Capacidade de “explicação” dos fatos

Trata-se de uma hipótese a ser ainda melhor investigada. Mas, quando tratamos do mensalão, não podemos deixar de observar atentamente as condições políticas que o geraram, sob o risco de percebermos os escândalos políticos como simples “intrigas” entre a mídia, o governo e a oposição. Esse discurso só interessa a quem está no poder. Na realidade, os escândalos políticos são gerados por questões políticas e isso precisa sempre estar bem claro.

Não há como negar que o escândalo do mensalão significou, também, uma disputa simbólica, principalmente entre a mídia e o governo, mas isso não pode esconder o fato de que, por trás daquela crise, haviam condições políticas precárias que criavam sérios transtornos na relação entre o Executivo e o Legislativo.

Quando da visibilização do escândalo, o comportamento da mídia, em grande parte, revelou-se denunciativo e investigativo, algo que, podemos muito bem dizer que é próprio da mídia.
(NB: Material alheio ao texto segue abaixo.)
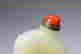 item-128963465=4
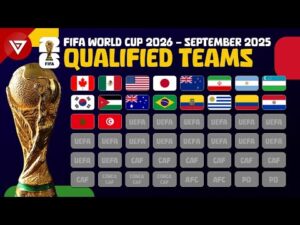 范志毅谈林,良铭红牌争,非个人责任,皇冠体育,皇冠体育平台,体育赛事投注,皇冠官网,体育投注,在线博彩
Entretanto, faltaram, à época, maiores investigações no sentido de associar o escândalo, menos à questões de moralidade de pessoas (parlamentares, políticos etc.) e mais a questões de opção política. É nesse sentido que a crise do mensalão, além de simbólica é, também, política, revelando muito das fragilidades do sistema político brasileiro, principalmente quando o assunto é o relacionamento entre o Executivo e o Congresso Nacional.

Se a mídia teve seu papel decisivo de “visibilização” ao trazer à tona denúncias, é preciso que se tenha, por outro lado, capacidade de “explicação” dos fatos, justamente para não ficarmos reféns de discursividades oficiais ou meramente ideológicas e partidárias.